◆ Task to carry out
Repeat word for word the lines starting at the one with "What is severe" and ending at the final line of the material, both ends included; omit pictures.

• • •

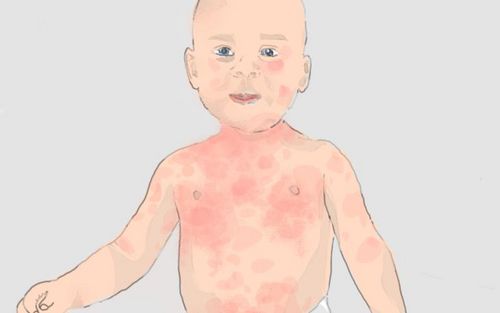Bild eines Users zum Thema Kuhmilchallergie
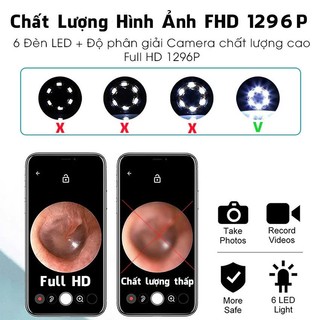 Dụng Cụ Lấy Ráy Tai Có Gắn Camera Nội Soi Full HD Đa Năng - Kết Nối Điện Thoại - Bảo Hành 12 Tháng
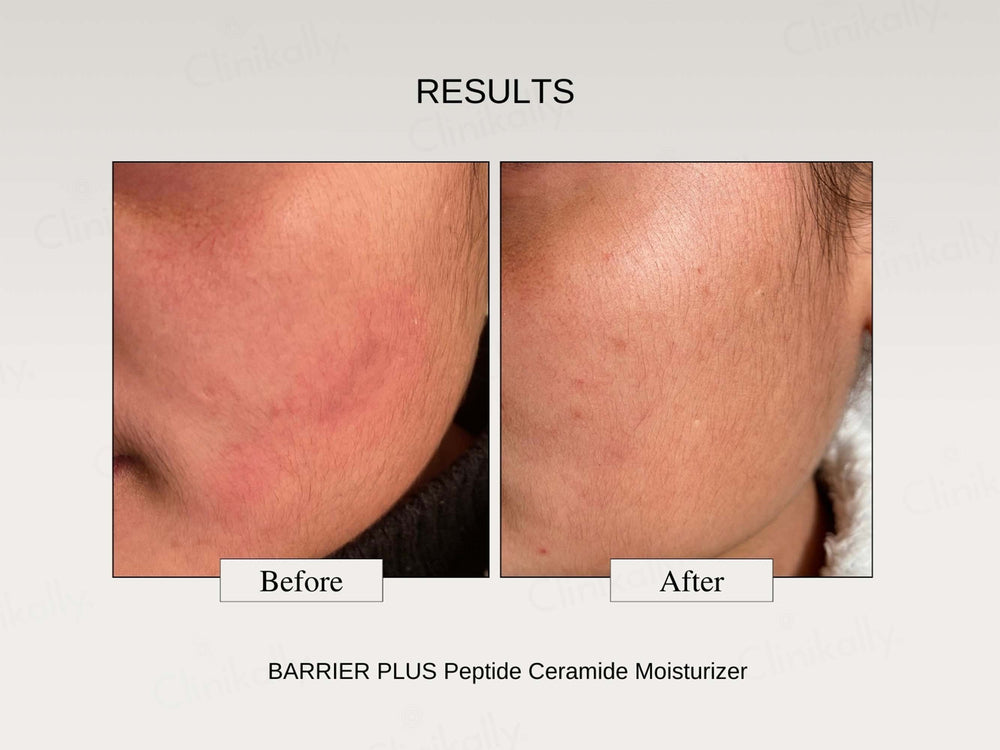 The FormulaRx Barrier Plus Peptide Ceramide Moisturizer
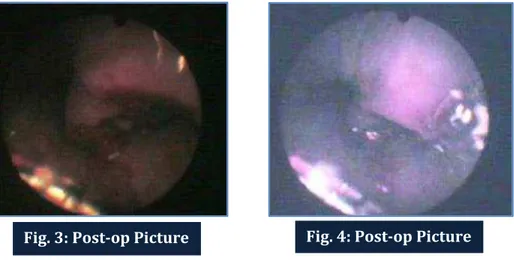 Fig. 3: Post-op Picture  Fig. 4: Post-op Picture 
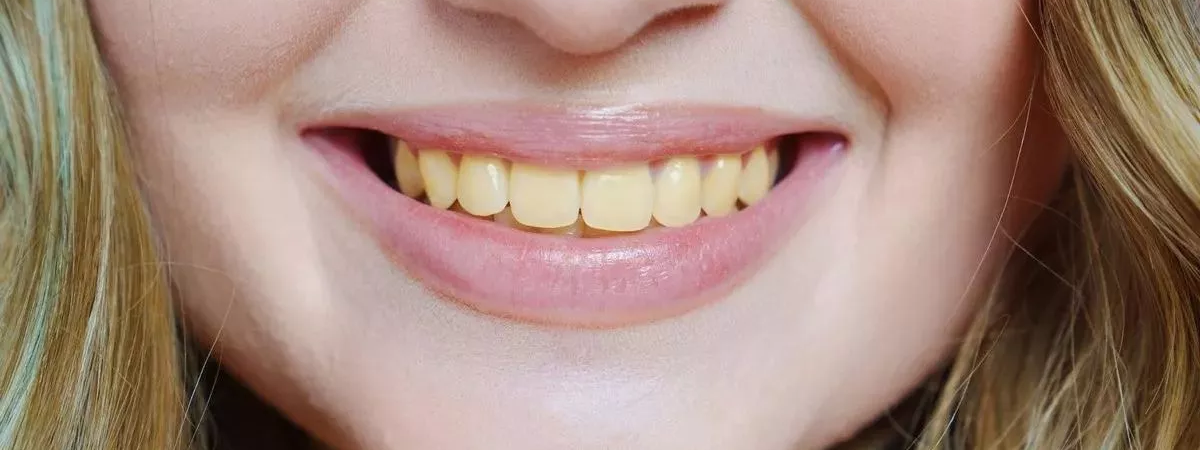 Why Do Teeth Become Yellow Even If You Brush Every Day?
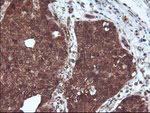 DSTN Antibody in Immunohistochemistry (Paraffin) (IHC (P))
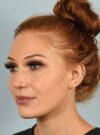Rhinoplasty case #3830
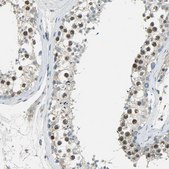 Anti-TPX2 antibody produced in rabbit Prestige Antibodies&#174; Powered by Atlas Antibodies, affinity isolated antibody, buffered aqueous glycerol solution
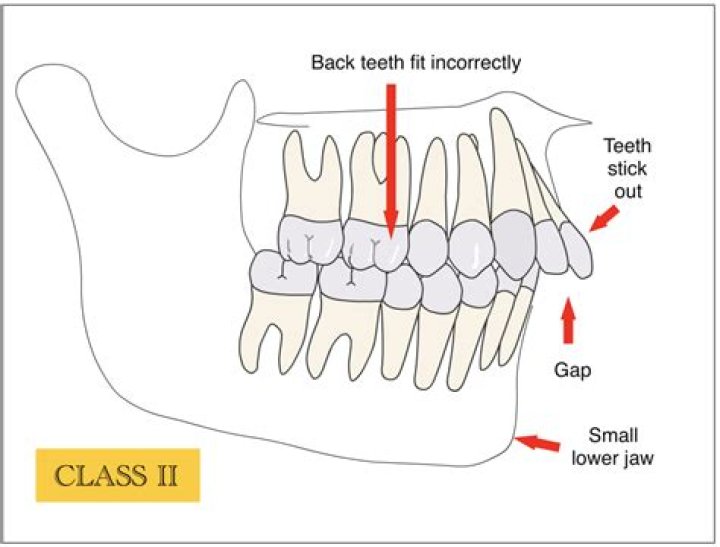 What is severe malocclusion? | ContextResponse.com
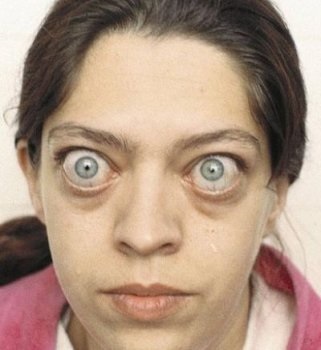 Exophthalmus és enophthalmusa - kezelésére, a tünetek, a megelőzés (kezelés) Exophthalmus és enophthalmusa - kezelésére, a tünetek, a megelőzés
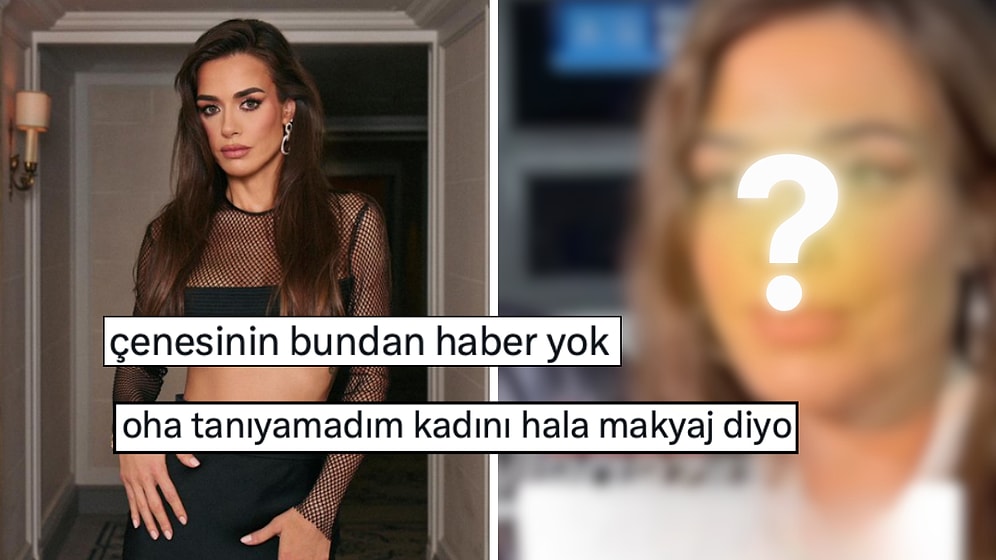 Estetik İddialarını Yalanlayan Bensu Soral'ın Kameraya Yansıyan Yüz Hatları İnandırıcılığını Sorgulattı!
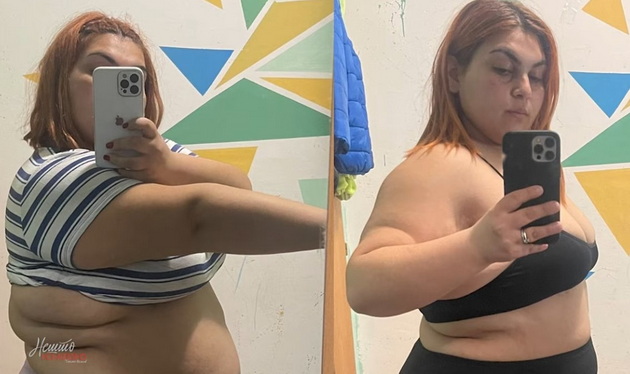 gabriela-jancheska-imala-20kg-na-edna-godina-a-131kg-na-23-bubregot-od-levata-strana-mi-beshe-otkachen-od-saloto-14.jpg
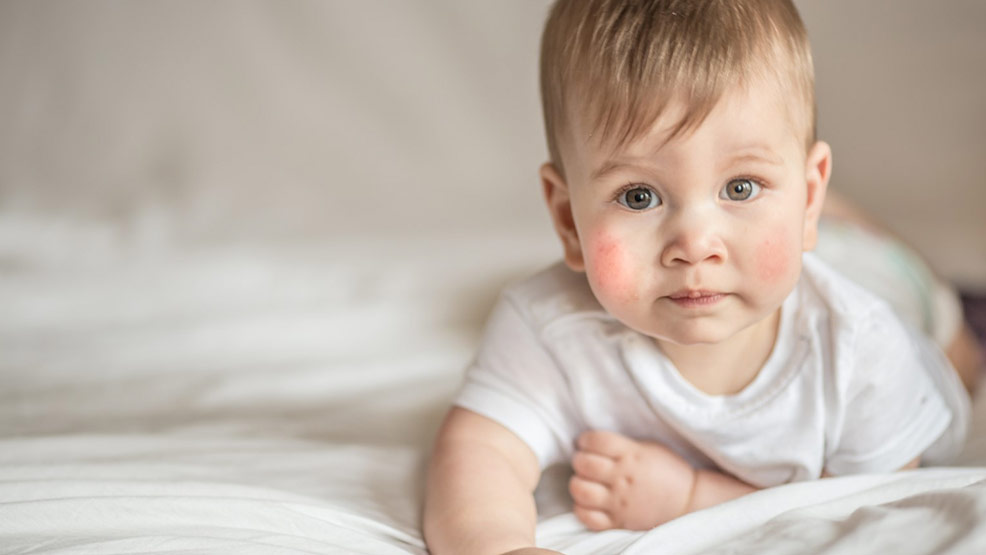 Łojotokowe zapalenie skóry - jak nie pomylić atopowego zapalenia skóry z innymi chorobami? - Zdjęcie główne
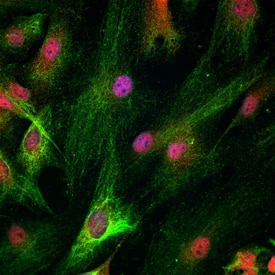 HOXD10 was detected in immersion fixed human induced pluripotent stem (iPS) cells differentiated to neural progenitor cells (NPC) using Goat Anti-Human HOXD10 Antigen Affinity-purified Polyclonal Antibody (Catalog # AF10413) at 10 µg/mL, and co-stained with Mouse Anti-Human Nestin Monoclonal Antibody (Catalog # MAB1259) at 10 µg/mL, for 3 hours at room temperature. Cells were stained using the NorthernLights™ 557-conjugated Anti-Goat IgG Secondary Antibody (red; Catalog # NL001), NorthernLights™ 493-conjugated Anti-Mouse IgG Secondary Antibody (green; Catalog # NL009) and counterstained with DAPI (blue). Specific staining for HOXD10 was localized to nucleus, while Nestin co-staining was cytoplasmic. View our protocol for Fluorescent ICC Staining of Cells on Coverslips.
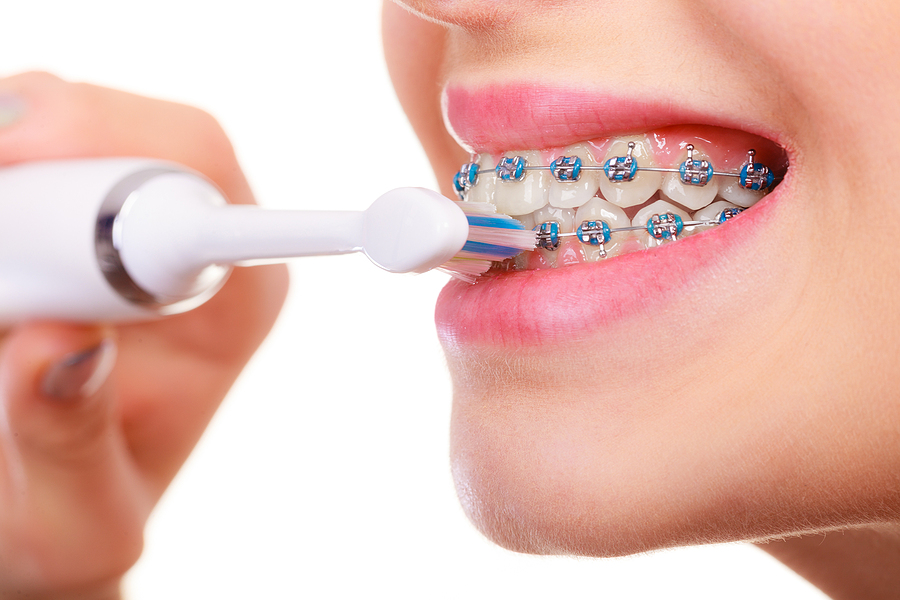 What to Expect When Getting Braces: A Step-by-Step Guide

• • •

◆ Response area
 What is severe malocclusion? | ContextResponse.com
 Exophthalmus és enophthalmusa - kezelésére, a tünetek, a megelőzés (kezelés) Exophthalmus és enophthalmusa - kezelésére, a tünetek, a megelőzés
 Estetik İddialarını Yalanlayan Bensu Soral'ın Kameraya Yansıyan Yüz Hatları İnandırıcılığını Sorgulattı!
 gabriela-jancheska-imala-20kg-na-edna-godina-a-131kg-na-23-bubregot-od-levata-strana-mi-beshe-otkachen-od-saloto-14.jpg
 Łojotokowe zapalenie skóry - jak nie pomylić atopowego zapalenia skóry z innymi chorobami? - Zdjęcie główne
 HOXD10 was detected in immersion fixed human induced pluripotent stem (iPS) cells differentiated to neural progenitor cells (NPC) using Goat Anti-Human HOXD10 Antigen Affinity-purified Polyclonal Antibody (Catalog # AF10413) at 10 µg/mL, and co-stained with Mouse Anti-Human Nestin Monoclonal Antibody (Catalog # MAB1259) at 10 µg/mL, for 3 hours at room temperature. Cells were stained using the NorthernLights™ 557-conjugated Anti-Goat IgG Secondary Antibody (red; Catalog # NL001), NorthernLights™ 493-conjugated Anti-Mouse IgG Secondary Antibody (green; Catalog # NL009) and counterstained with DAPI (blue). Specific staining for HOXD10 was localized to nucleus, while Nestin co-staining was cytoplasmic. View our protocol for Fluorescent ICC Staining of Cells on Coverslips.
 What to Expect When Getting Braces: A Step-by-Step Guide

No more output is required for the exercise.